The Presses Were A Trick

I must have still been half asleep when I read the workout this morning, because I thought it looked kinda fun. Running! Overhead presses! Wheeee!

Except it was 10 rounds.
Of 85-90% effort on the running.
With just three little presses in between.

At the end, when I’d run 1.25 miles in 200m increments and the sweat was running off my face and my ponytail was plastered to my neck and I was beyond sweat angel into sweat puddle territory, I realized the truth: The presses were a trick. To make me run. Fast. Over and over and over.

It worked.

Skills
Hip snatch waveload
3-2-1-3-2-1-3-2-1
:90 Rest b/t rep sets
My weights: 30-35-40-35-40-45-40-45-50

I’m staying kinda light on snatches right now to work on my technique. It’s getting more solid, so soon I’ll start dropping the hammer.

WOD
10 rounds:
200m run @ 85-90% Pace
3 push press @55-65% of Jerk 1RM, 50#
My time: 11:55

Bonus fun
Handstand hold :30

Dirty little embarrassing secret alert: Every since I learned to do a handstand against the wall on that magical date known as December 6, 2010, I’ve done them in the exact same spot in the gym. It’s in the back corner, where there’s a seam on the floor so I know just where to put my feet. There’s plenty of room on either side so I can’t crash into anything. It’s my safe zone.
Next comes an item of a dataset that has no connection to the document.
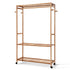 Artiss Bamboo Clothes Rack Coat Stand Garment Hanger Wardrobe Portable Airer-Furniture > Bedroom - Peroz Australia - Image - 1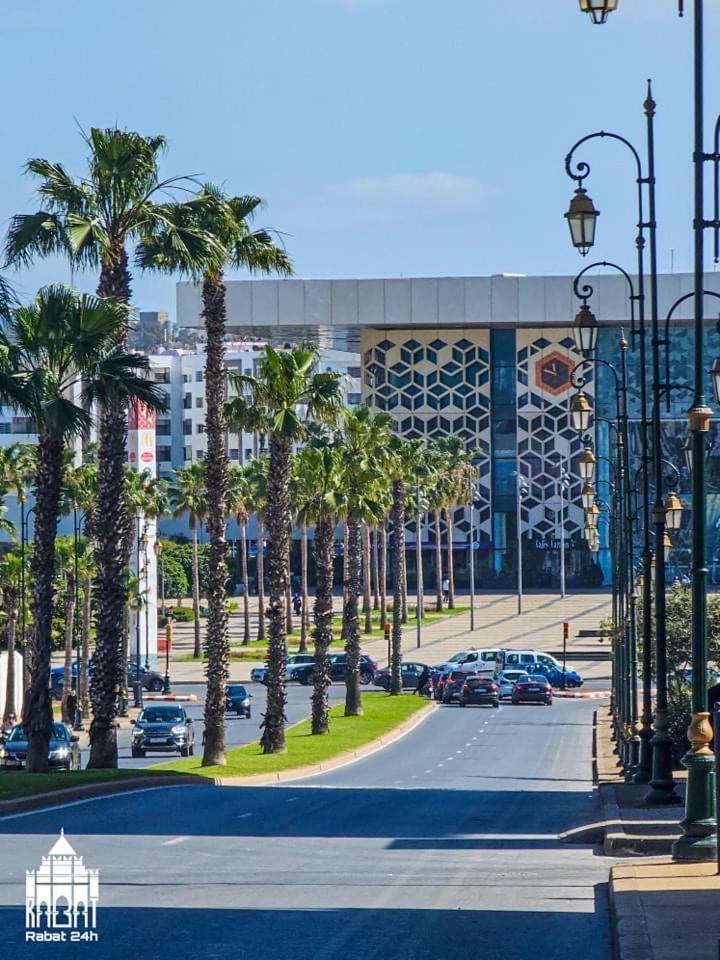 Rabat, Hassan Downtown: Tramway, Sunshine, Privacy Lejlighed Eksteriør billede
But today, the giant tire was leaning against the wall IN MY HANDSTAND SPOT.

So I rotated 90-degrees to the right, to another blank wall. Where there’s a sink on the left (crash-worthy) and no lines on the floor to gauge distance from the wall.

I’m not gonna lie and pretend I’m cool: it made me quite nervous.

But I took a breath, locked my arms out overhead, and kicked… and bounced my booty right off the wall.

It took two more attempts, but I finally got upside down.

And held it.

Guess I have two handstand spots now.